The Federal Trade Commission (FTC) has announced that it will seek to prevent Microsoft from acquiring Activision Blizzard.
Source : Activision
Microsoft’s proposed $69 billion acquisition of Activision Blizzard is facing a major new hurdle. The Federal Trade Commission (FTC) has launched a federal antitrust lawsuit to block the deal.
Since Microsoft’s operation was announced, it has been the subject of much discussion, some players, such as Sony, have tried to block the acquisition. One of the questions that has kept coming up since the announcement concerns the exclusivity of Activision Blizzard’s games. Microsoft tried to appease Sony by promising that Call of Duty will remain available on PlayStation for 10 years, and recently indicated plans to expand the franchise to Nintendo Switch and Steam.

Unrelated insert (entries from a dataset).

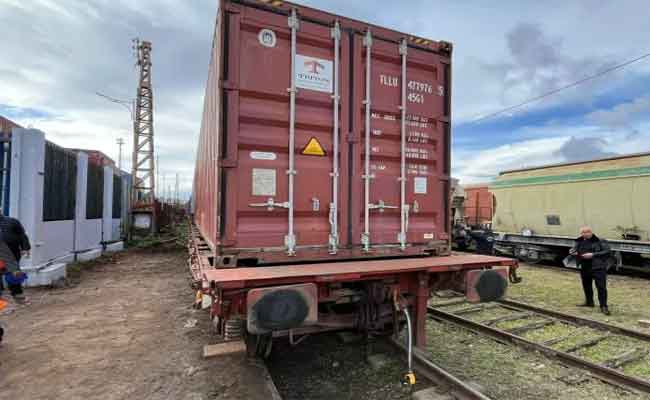 الوالي يشرف على إعطاء إشارة إعادة إطلاق قطار نقل الحاويات بميناء عنابة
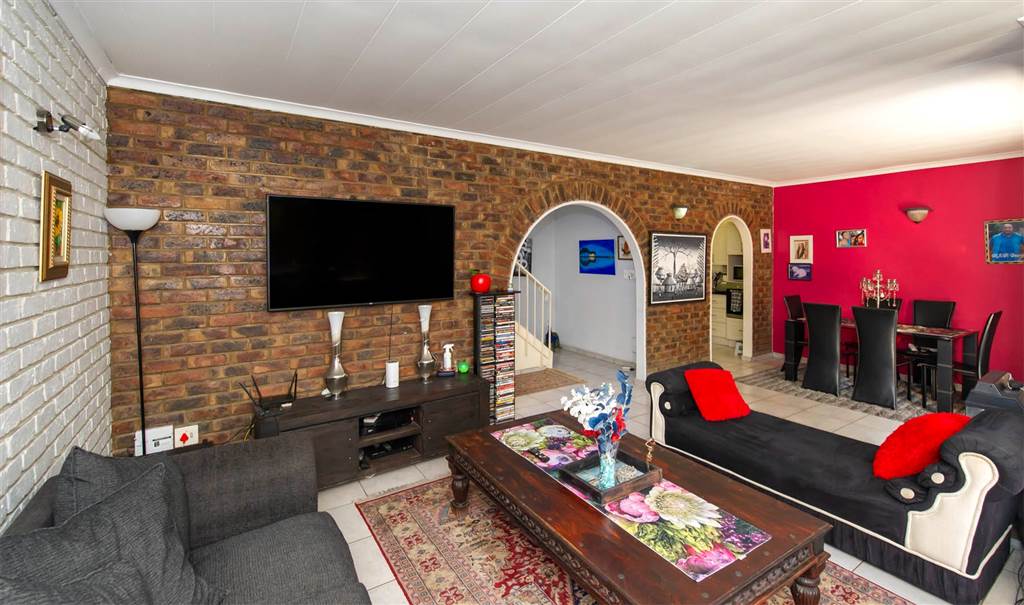 3 Bed Townhouse in Edenvale photo number 9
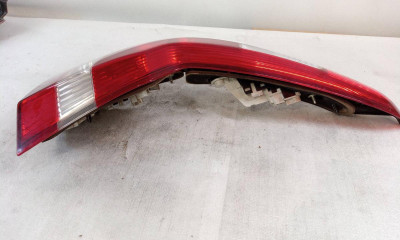 PILOTO TRASERO DERECHO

This operation would harm competition according to the FTC
In a press release, the American agency says that Xbox “would take control of the best video game franchises” and therefore ” would harm competition in the gaming console and subscription services industry by denying or degrading its competitors’ access to its popular content.
The US commission also names Microsoft’s Game Pass service as another cornerstone of the company’s gaming business, for which Sony and other console competitors have no equivalent according to them.
The FTC also notes that Activision Blizzard is “one of the very few video game developers in the world to create and publish high-quality video games for multiple devices”. The publisher controls a large number of titles, including Call of Duty, Warcraft, Overwatch and Diablo.
The FTC also indicates that the fact that Microsoft designs exclusive games, Starfield and Redfall, is a reason why Microsoft cannot be trusted. Both games, in development at Bethesda Game Studios and Arkane Austin respectively, will be available exclusively on Xbox Series X, Series S, and Windows PC.
It’s unclear what this lawsuit will mean for the acquisition. However, Lulu Cheng Meservey, Executive Vice President and Chief Communications Officer at Activision Blizzard said they were “(…) eager to prove our case in court and close our deal with Microsoft. “. The Activision Blizzard and Microsoft soap opera is far from over.